Traditionally, external control arms have been utilized primarily in phase 3 trials. The current study seeks to extend this methodology to phase 2 trials, which typically involve smaller sample sizes and often operate as single-arm studies. Paulus explained the challenges in creating valid control arms for such trials, stating, “We were able to do that, and we did it quickly.”

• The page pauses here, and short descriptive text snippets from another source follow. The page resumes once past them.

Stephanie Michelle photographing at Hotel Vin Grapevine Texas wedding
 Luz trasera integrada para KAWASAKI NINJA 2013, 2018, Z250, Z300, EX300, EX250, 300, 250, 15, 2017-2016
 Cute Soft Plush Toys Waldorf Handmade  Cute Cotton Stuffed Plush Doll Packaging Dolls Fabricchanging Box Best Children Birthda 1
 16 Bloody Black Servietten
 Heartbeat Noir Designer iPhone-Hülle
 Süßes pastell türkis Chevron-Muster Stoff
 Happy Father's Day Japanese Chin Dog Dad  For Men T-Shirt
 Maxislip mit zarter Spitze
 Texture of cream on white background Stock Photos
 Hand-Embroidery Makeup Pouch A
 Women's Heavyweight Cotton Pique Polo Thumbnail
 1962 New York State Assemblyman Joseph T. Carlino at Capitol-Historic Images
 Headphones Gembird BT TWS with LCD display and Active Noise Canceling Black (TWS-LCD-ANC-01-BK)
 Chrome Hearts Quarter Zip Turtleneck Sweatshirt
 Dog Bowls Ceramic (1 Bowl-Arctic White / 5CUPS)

The interim results presented at ASCO 2025 reflect only the initial eight patients enrolled in the clinical trial. However, the researchers aim to establish a robust external control arm dynamically as enrollment continues. By matching the real-world cohort with the trial participants, the team intends to provide a strong reference point for comparison.
As the trial progresses, the researchers anticipate expanding the real-world data cohort, targeting a ratio of approximately three-to-one between the external control arm and the phase 2 trial population. With statistical probability sampling, they expect to achieve a more balanced representation as overall sample sizes increase.
This pioneering approach could ultimately lead to faster, evidence-driven decisions regarding the transition to phase 3 clinical trials. By integrating real-world data into the clinical development pipeline, the life sciences sector may benefit from enhanced insights and a more streamlined process for bringing new therapies to market.